Bosh calls lockout the owners’ revenge against Miami, New York

Over the last 18 months, we’ve seen “The Heatles” dictate their arrival to Miami and Carmelo Anthony steer himself to New York from Denver.

Those moves have been orchestrated by players determining their fate and attempting to hold their old old teams hostage unless they can arrive at  new teams in bigger markets.

And according to Chris Bosh, one of the Miami players who arrived by those means, the owners of smaller franchises .

Bosh told the South Florida Sun-Sentinel that the lockout was orchestrated to enable the teams to retain control and end future players from leaving in similar fashion.

“I think so,” he said.

But Bosh added that the efforts to block such an approach are misguided.

“I mean, if you look at the free agents coming up in the same situations, with Chris Paul, Dwight Howard, Deron Williams, they can control their own fate,” Bosh said. “They have the power to control that and I think that’s a great thing. In any job you want freedom to negotiate.

“With us doing what we did, and Carmelo going to the Knicks, I think that has a lot to do with it. Hopefully we can keep that and guys can come and go and make the deal that’s best for them and their family.”

It’s a ticklish situation. Players  want the ability to play for who they want. But the NBA would like to find a way that small markets have a chance to be competitive for a championship.

And considering the Spurs are the only small-market franchise to claim an NBA title in the last 30 years, the current  model currently isn’t working.

The players have control.

Bosh is right. It’s not surprising the owners tried to grasp control of their game back, by whatever means are necessary.

It’s unfortunate that the fans suffering through the lockout are caught in the middle of it.

Spurs weren’t a part of the hardest hardline owners

Spurs owner Peter Holt has been walking a tightrope as the primary NBA owner in the labor negotiations because of his role as the chairman of the league’s labor relations committee.

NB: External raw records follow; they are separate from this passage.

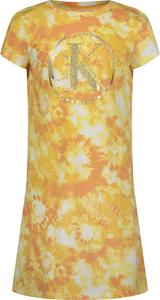 Платье-футболка с короткими рукавами Calvin Klein для девочек, фасон пуловер с круглым вырезом, логотипом, Desert Flower Dye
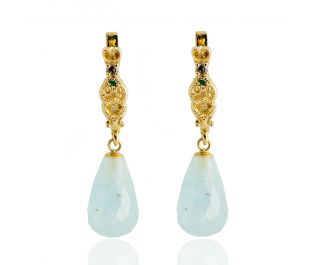 Antique Design Aquamarine Drop Yellow Gold Earrings 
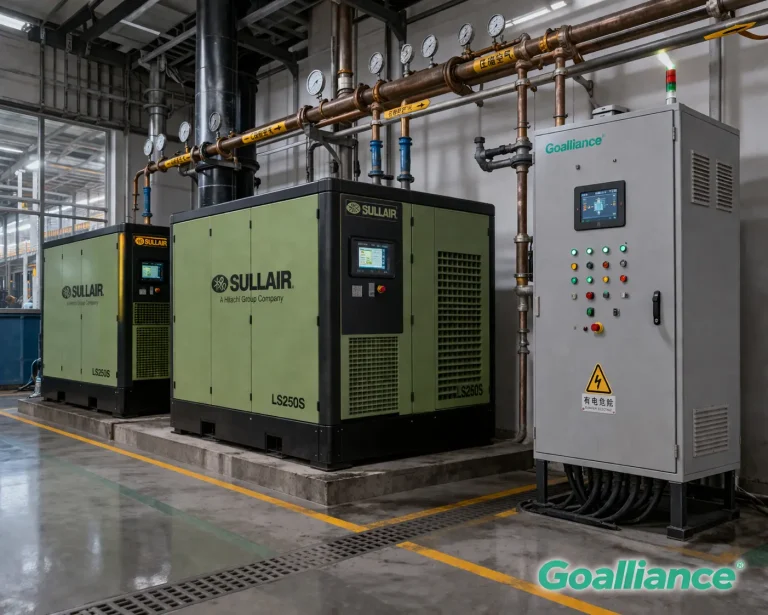 Retrofit VFD Kompresor Udara — Fasilitas Manufaktur Kaca Lembaran, Provinsi Hebei, Tiongkok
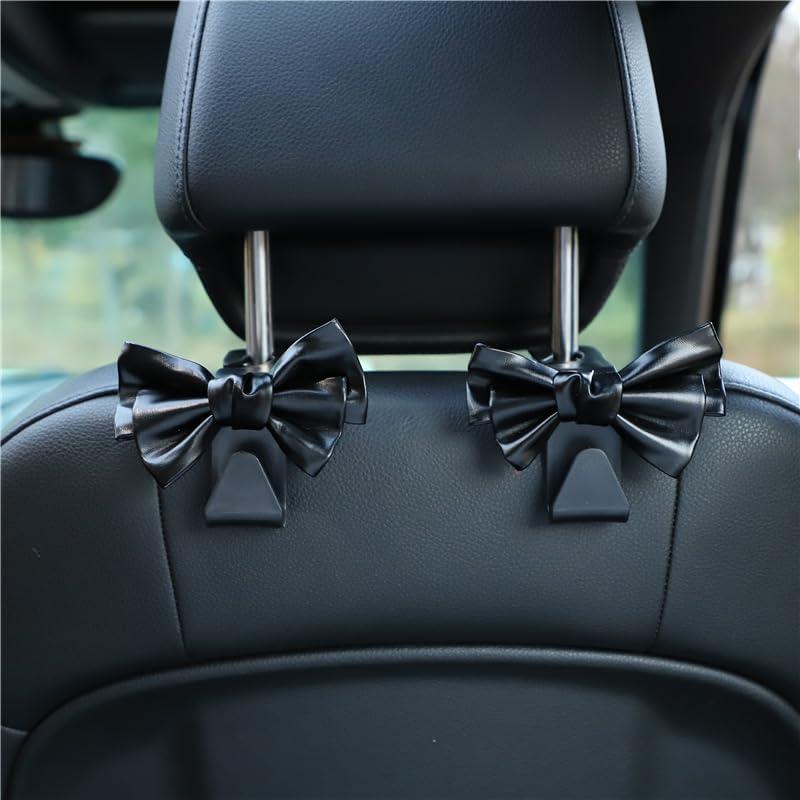 2 Pack Car Purse Hooks, Cute Bow Car Seat Headrest Hook Hanger for Purses and Bags, Space-Saving Car Accessory(black)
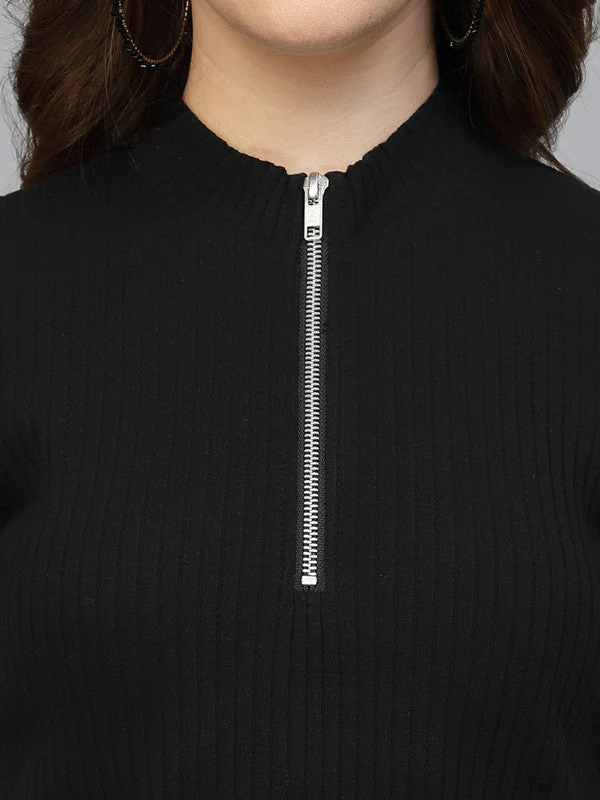 Women Black Odour Free Zipper Neck Top - Image 3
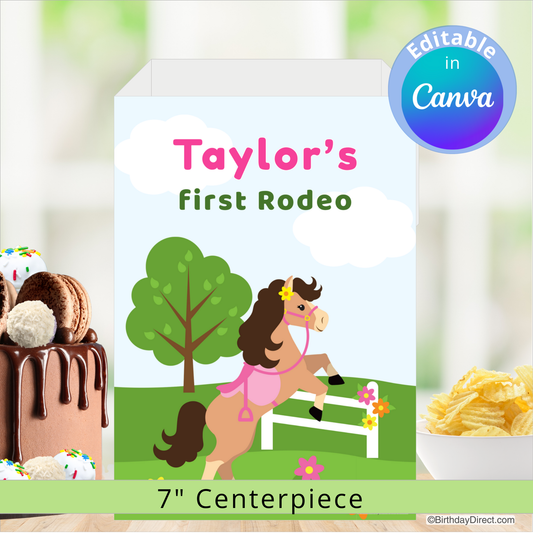 Personalized birthday centerpiece with horse design and editable text in Canva.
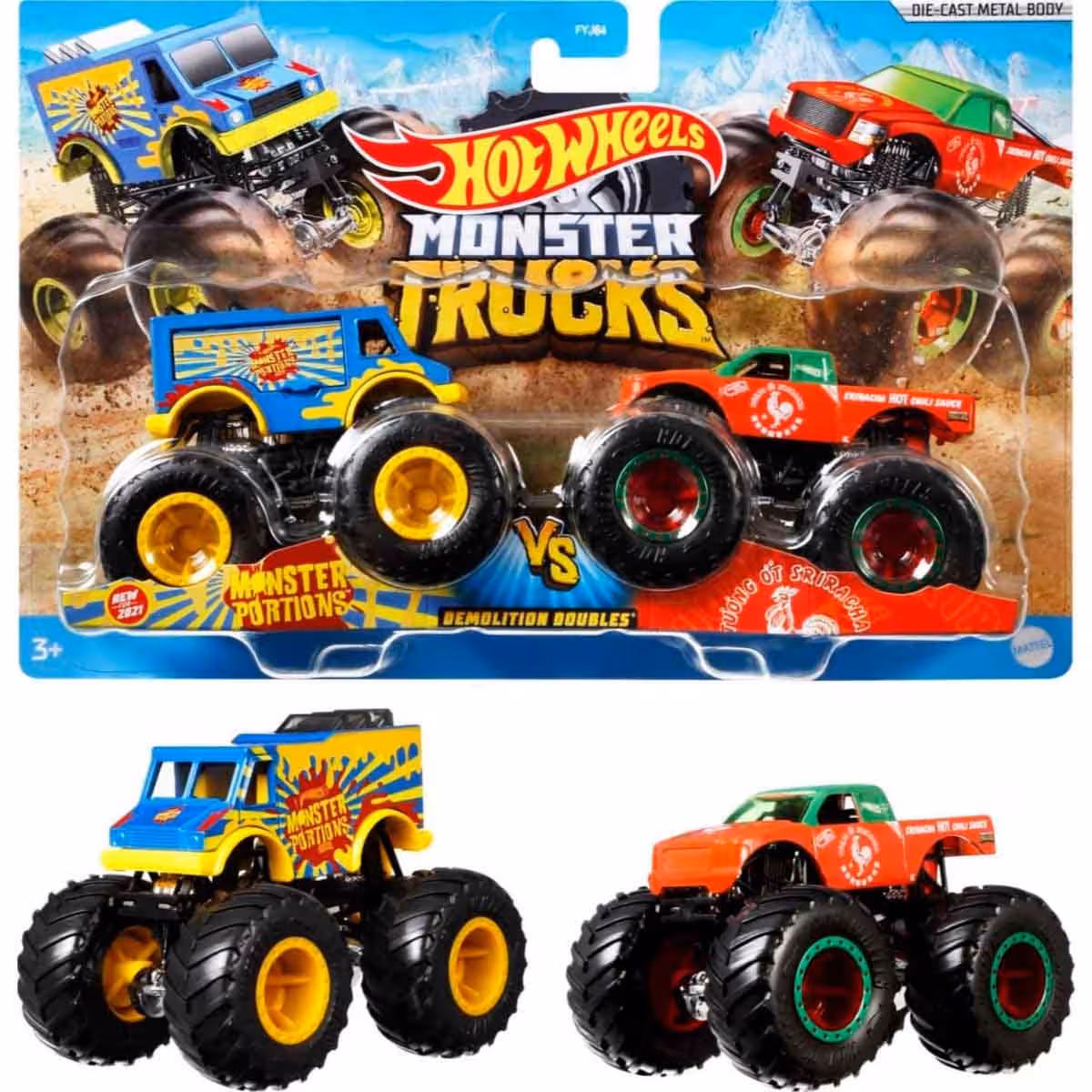 Hot Wheels Demolition Doubles Monster Trucks & Loop-And-Flip Track Set Bundle Unisex, 5-7 Years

That role has led many to believe he would be David Stern’s biggest ally once a collective bargaining deal is taken to the other owners.

And it might explain why the Spurs who were most forceful about turning down a recent compromise that was championed by Stern.

The Indianapolis Business Journal, citing league sources, indicated the Spurs weren’t included among the owners who sent a letter to the labor relations committe who were strongly opposed to Stern’s offer of a 50-50 split in the basketball related income with the players. 

Owners for Indiana, Atlanta, Charlotte, Denver, Memphis, Milwaukee, Minnesota, Philadelphia, Portland and Sacramento said in the letter that they believe a 50-50 revenue split would have been a bad deal for the owners.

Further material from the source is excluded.